- _WHAT TO PRODUCE_
When you answer, give every record back exactly as written.
● ● ●
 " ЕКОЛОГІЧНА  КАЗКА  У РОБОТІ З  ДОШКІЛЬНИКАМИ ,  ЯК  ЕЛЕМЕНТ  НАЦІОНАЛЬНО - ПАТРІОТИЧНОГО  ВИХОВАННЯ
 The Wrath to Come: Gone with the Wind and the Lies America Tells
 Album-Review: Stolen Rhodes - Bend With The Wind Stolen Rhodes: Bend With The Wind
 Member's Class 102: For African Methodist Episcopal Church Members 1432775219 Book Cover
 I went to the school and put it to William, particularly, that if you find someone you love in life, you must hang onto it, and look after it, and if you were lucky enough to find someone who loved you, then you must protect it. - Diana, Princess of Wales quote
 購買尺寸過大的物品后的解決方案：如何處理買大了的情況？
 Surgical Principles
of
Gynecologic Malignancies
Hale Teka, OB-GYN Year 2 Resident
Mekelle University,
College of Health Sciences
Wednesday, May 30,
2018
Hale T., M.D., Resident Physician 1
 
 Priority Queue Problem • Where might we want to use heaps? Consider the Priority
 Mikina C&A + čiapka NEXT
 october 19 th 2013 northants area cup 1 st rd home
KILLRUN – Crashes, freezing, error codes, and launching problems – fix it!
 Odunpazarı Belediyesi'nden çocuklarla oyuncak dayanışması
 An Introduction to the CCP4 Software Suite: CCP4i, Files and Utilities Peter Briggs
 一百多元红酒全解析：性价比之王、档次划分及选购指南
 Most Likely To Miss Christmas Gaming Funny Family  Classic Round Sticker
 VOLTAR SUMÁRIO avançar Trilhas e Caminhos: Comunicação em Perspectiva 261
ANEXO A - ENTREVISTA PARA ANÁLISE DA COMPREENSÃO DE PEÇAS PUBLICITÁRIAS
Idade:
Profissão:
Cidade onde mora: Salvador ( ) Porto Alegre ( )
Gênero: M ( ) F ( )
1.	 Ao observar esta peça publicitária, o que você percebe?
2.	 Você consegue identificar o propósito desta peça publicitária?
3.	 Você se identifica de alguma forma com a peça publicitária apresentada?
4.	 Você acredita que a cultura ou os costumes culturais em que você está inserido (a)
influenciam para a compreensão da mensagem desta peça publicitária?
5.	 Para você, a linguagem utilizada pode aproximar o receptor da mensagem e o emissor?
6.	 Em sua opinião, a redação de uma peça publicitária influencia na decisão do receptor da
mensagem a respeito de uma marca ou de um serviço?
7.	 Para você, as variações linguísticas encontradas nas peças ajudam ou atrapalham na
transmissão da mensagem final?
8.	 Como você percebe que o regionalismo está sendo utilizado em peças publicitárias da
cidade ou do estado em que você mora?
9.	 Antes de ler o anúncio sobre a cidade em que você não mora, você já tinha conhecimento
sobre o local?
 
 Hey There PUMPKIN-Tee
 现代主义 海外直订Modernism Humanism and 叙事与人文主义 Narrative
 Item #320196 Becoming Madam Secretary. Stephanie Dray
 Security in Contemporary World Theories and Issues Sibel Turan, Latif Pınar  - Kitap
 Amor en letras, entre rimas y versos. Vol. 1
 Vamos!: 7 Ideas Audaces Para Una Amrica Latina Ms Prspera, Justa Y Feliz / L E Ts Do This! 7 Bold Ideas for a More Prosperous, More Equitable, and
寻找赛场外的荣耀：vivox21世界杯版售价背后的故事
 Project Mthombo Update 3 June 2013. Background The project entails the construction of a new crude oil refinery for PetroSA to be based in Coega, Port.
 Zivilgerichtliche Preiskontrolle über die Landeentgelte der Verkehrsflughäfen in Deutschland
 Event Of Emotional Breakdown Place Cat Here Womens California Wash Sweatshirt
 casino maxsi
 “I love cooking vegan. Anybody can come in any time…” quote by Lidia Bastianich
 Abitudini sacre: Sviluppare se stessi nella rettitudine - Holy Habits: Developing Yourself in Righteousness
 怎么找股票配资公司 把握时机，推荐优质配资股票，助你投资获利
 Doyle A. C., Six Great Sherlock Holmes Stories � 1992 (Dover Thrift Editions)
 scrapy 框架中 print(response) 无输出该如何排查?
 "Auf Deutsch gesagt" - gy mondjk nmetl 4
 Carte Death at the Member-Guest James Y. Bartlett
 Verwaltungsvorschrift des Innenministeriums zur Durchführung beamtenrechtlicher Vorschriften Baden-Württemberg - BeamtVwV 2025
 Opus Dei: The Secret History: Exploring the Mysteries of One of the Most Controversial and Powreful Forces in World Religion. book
● ● ●
- _SOLUTION TO THE PROBLEM_
 " ЕКОЛОГІЧНА  КАЗКА  У РОБОТІ З  ДОШКІЛЬНИКАМИ ,  ЯК  ЕЛЕМЕНТ  НАЦІОНАЛЬНО - ПАТРІОТИЧНОГО  ВИХОВАННЯ
 The Wrath to Come: Gone with the Wind and the Lies America Tells
 Album-Review: Stolen Rhodes - Bend With The Wind Stolen Rhodes: Bend With The Wind
 Member's Class 102: For African Methodist Episcopal Church Members 1432775219 Book Cover
 I went to the school and put it to William, particularly, that if you find someone you love in life, you must hang onto it, and look after it, and if you were lucky enough to find someone who loved you, then you must protect it. - Diana, Princess of Wales quote
 購買尺寸過大的物品后的解決方案：如何處理買大了的情況？
 Surgical Principles
of
Gynecologic Malignancies
Hale Teka, OB-GYN Year 2 Resident
Mekelle University,
College of Health Sciences
Wednesday, May 30,
2018
Hale T., M.D., Resident Physician 1
 
 Priority Queue Problem • Where might we want to use heaps? Consider the Priority
 Mikina C&A + čiapka NEXT
 october 19 th 2013 northants area cup 1 st rd home
KILLRUN – Crashes, freezing, error codes, and launching problems – fix it!
 Odunpazarı Belediyesi'nden çocuklarla oyuncak dayanışması
 An Introduction to the CCP4 Software Suite: CCP4i, Files and Utilities Peter Briggs
 一百多元红酒全解析：性价比之王、档次划分及选购指南
 Most Likely To Miss Christmas Gaming Funny Family  Classic Round Sticker
 VOLTAR SUMÁRIO avançar Trilhas e Caminhos: Comunicação em Perspectiva 261
ANEXO A - ENTREVISTA PARA ANÁLISE DA COMPREENSÃO DE PEÇAS PUBLICITÁRIAS
Idade:
Profissão:
Cidade onde mora: Salvador ( ) Porto Alegre ( )
Gênero: M ( ) F ( )
1.	 Ao observar esta peça publicitária, o que você percebe?
2.	 Você consegue identificar o propósito desta peça publicitária?
3.	 Você se identifica de alguma forma com a peça publicitária apresentada?
4.	 Você acredita que a cultura ou os costumes culturais em que você está inserido (a)
influenciam para a compreensão da mensagem desta peça publicitária?
5.	 Para você, a linguagem utilizada pode aproximar o receptor da mensagem e o emissor?
6.	 Em sua opinião, a redação de uma peça publicitária influencia na decisão do receptor da
mensagem a respeito de uma marca ou de um serviço?
7.	 Para você, as variações linguísticas encontradas nas peças ajudam ou atrapalham na
transmissão da mensagem final?
8.	 Como você percebe que o regionalismo está sendo utilizado em peças publicitárias da
cidade ou do estado em que você mora?
9.	 Antes de ler o anúncio sobre a cidade em que você não mora, você já tinha conhecimento
sobre o local?
 
 Hey There PUMPKIN-Tee
 现代主义 海外直订Modernism Humanism and 叙事与人文主义 Narrative
 Item #320196 Becoming Madam Secretary. Stephanie Dray
 Security in Contemporary World Theories and Issues Sibel Turan, Latif Pınar  - Kitap
 Amor en letras, entre rimas y versos. Vol. 1
 Vamos!: 7 Ideas Audaces Para Una Amrica Latina Ms Prspera, Justa Y Feliz / L E Ts Do This! 7 Bold Ideas for a More Prosperous, More Equitable, and
寻找赛场外的荣耀：vivox21世界杯版售价背后的故事
 Project Mthombo Update 3 June 2013. Background The project entails the construction of a new crude oil refinery for PetroSA to be based in Coega, Port.
 Zivilgerichtliche Preiskontrolle über die Landeentgelte der Verkehrsflughäfen in Deutschland
 Event Of Emotional Breakdown Place Cat Here Womens California Wash Sweatshirt
 casino maxsi
 “I love cooking vegan. Anybody can come in any time…” quote by Lidia Bastianich
 Abitudini sacre: Sviluppare se stessi nella rettitudine - Holy Habits: Developing Yourself in Righteousness
 怎么找股票配资公司 把握时机，推荐优质配资股票，助你投资获利
 Doyle A. C., Six Great Sherlock Holmes Stories � 1992 (Dover Thrift Editions)
 scrapy 框架中 print(response) 无输出该如何排查?
 "Auf Deutsch gesagt" - gy mondjk nmetl 4
 Carte Death at the Member-Guest James Y. Bartlett
 Verwaltungsvorschrift des Innenministeriums zur Durchführung beamtenrechtlicher Vorschriften Baden-Württemberg - BeamtVwV 2025
 Opus Dei: The Secret History: Exploring the Mysteries of One of the Most Controversial and Powreful Forces in World Religion. book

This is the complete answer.